A modern and progressive property tax should underpin future local government funding in Scotland, according to leading finance directors.

The proposal comes from CIPFA in Scotland and the institute’s directors of finance section and has been seen by Public Finance.

It is contained in a joint submission to the Institute of Revenues Rating and Valuation, which is conducting an inquiry into local taxation.

The inquiry, launched last September, is the latest attempt by the revenue and finance profession to find a solution to the problem of local taxation.

This follows the Scottish Government’s decision to shelve plans for a local income tax because of a lack of support from opposition parties.

CIPFA and the group of finance directors have concluded that a modernised system of local taxation should be based on a reformed council tax that is more accountable, better understood and updated through regular revaluations.
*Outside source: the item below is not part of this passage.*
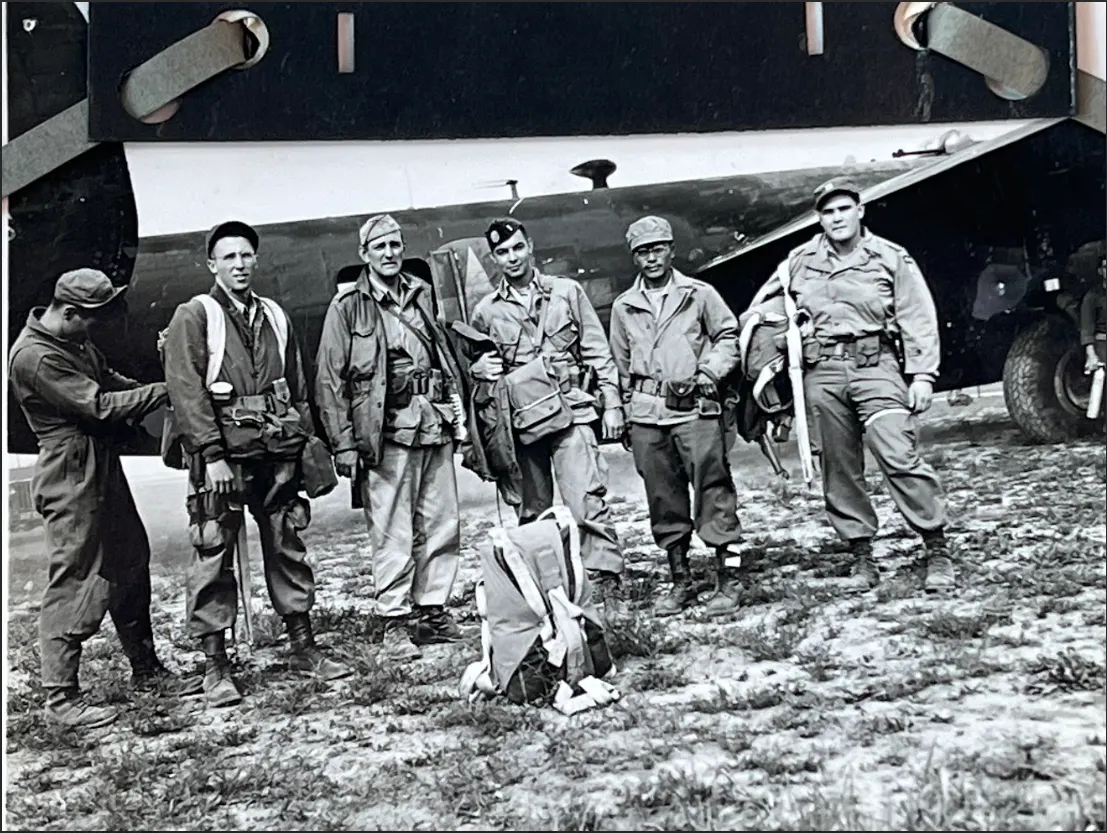 出發前的「西班牙獵犬」小組在B-24前合影，右二為中共指控的戴笠特務，真面目卻是閻寶航塞入美軍的地下黨員。（美國國家檔案館）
An improved system of benefits should be introduced and options linked to housing policy should be tested to assist pensioners who are ‘asset rich’ but ‘income poor’.

The number of tax bands should also be extended to make the system fairer, CIPFA believes. The submission said: ‘The question of fairness is an area where there is scope for challenging the council tax. The tax is seen as not being wholly progressive.’

CIPFA believes it is important that local tax is decided and set locally if local accountability is to be maintained. It warns that continuation of the national arrangement to freeze local taxation in Scotland harms local accountability, as does the failure to revalue domestic properties since 1991.

 ‘Revaluations at approximately five-yearly intervals should be a routine maintenance requirement.

‘They should not require government sanction and, in the interests of local accountability, should be triggered automatically,’ the submission stated.

Council taxpayers also need better access to understandable financial information on what is to be spent and what has been spent.

The submission called for changes to the arrangement whereby councils collect both the local tax and water charges.

Accounting for both taxes should be separated as the monies passed to Scottish Water are effectively being subsidised by council taxpayers, it said.